Manchmal habe ich das Gefühl, je älter ich werde, um so träumerischer werde ich. Man lernt, dass man gewisse Dinge wahrnimmt und ist sich der eigenen Wahrnehmung bewusster. In gewisser Weise wird der Abstand zu dem, was in Sprache zu fassen ist, immer größer. Man erfährt, dass es nicht immer etwas bringt, Dinge in Sprache zu fassen.
corpus: Zugleich leben wir in einer Zeit, in der sehr viel über Sprache und visuelle Schablonen kommuniziert wird.
Philipp Gehmacher: Ich glaube, jede Zeit hat ihr Schattenformloses. Wir wissen, wogegen sich Bataille aufgelehnt hat. Was wäre das Formlose heute? Ich bin an einer Kunst interessiert, die eine gewisse Komplexität erreicht. Das ist viel Arbeit. Es gibt so viel unterschiedlich Verwobenes. Mediales und Nichtmediales, Virtuelles und Nichtvirtuelles sind nicht mehr so einfach von einander zu trennen. Trotzdem werden in manchen Arbeiten bestimmte Referenzen – aus Wissenschaft und ästhetischen Praktiken zum Beispiel – zusammengemischt, sodass verschiedene Sphären entstehen können.
Was für eine Arbeit entsteht, wenn sich verschiedene Stränge verbinden? Entscheidungen haben immer eine Resonanz von Darstellungsformen aus unserer momentanen und aus einer anderen Zeit. Das meine ich, wenn ich sage, auch unsere Zeit hat ein formloses Schattendasein. Es gibt Körper, die in unterschiedlichen Sprachen sprechen und unterschiedliche Stimmen haben. Wie zum Beispiel in der Arbeit des Nature Theatre of Oklahoma oder bei Theatercombinat. Ich finde es immer spannend, wenn Leute neue Formen finden oder neue Verbindungen. Wenn ich an das Formlose denke, stelle ich mir immer Wucherungen vor. Ich glaube, in der freien Szene hat diese Auseinandersetzung mit Meg Stuart begonnen. In ihren Arbeiten erscheint eines nach dem anderen und erklärt sich nicht vollständig.
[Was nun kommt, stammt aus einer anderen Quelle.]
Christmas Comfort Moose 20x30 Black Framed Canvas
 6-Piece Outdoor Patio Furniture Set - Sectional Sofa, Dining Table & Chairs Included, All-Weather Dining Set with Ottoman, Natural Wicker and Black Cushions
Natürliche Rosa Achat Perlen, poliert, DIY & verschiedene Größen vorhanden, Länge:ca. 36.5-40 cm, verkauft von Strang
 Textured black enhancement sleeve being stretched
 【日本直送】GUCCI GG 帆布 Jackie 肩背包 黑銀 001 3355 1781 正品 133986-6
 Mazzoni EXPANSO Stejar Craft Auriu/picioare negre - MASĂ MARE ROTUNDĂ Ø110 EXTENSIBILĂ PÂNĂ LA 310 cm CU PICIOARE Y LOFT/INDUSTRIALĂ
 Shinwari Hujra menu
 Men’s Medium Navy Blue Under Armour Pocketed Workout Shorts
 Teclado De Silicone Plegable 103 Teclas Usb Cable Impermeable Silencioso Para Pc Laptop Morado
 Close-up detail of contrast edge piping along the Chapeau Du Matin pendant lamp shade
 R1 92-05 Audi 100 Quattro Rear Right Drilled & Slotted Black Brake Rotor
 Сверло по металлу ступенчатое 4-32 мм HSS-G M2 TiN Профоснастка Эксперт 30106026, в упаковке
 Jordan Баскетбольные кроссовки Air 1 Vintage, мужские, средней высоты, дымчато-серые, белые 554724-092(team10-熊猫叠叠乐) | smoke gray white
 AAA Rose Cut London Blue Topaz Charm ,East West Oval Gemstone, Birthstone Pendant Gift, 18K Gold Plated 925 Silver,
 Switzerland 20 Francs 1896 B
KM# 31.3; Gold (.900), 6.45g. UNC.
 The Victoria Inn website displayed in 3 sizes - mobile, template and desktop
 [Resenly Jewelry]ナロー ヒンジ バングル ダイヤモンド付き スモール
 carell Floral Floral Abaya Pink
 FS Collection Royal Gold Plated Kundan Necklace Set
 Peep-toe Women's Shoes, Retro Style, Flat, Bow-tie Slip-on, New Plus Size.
Form und Umgang mit Ressourcen.
corpus: Das interessante am Körper ist, dass er so begrifflich ist in seiner Präsenz und sich zugleich jeder Begrifflichkeit entzieht. Das ist auch das Interessante und Brisante am Tanz, würde ich sagen. Meg Stuart war sicherlich eine der Ersten, die diese körperliche Vielstimmigkeit und Differenzen in den Vordergrund gebracht hat und diese Ansätze und Methoden sehr weit getrieben beziehungsweise entwickelt hat.
Gehmacher: Ich glaube, zur Zeit findet auch eine ziemliche Veränderung unserer Vorstellungen von Welt statt. Somit verändert sich vielleicht auch das, was wir unter Form verstehen. Es stellt sich immer mehr die Frage nach den Ressourcen, oder was eine Ressource ist, was materiell oder immateriell, organisch oder anorganisch ist. Alle lesen Bruno Latour… Ich glaube, durch die Fragen der Ökologie verbindet sich Naturwissenschaftliches noch einmal anders mit Kultur. Kultur steht nicht nur im Verhältnis zur Geschichte, sondern spiegelt sich auch im Umgang mit Ressourcen.
Es ist interessant, dass Jan Ritsema in einem Text über Xavier Le Roys Stück low pieces von einer „intelligence of a plant“ schreibt. Vielleicht kommen wir in eine Zeit, in der wir unserer Umwelt mehr Intelligenz zusprechen und diese auch als Ressource verstehen. Eine Art von Wesenhaftigkeit, die wir ernst nehmen wollen und die wir in uns verstehen. Ich glaube, so etwas löst in weiterer Konsequenz andere künstlerische Formen und Formverhalten aus.
Es scheint, als wäre das Formlose angekommen, nur können wir es nicht greifen, weil wir eben auch Teil davon geworden sind. Das Formlose ist eben auch nicht sichtbar, und nach Bataille doch am besten als eine Operation, als Funktion zu gebrauchen.
Fußnoten:
[1] Jacques Rancière, Ist Kunst widerständig? Berlin: Merve 2008, S 70.
[2] Giorgio Agamben, Mittel ohne Zweck. Freiburg / Berlin: Diaphanes 2001, S 60.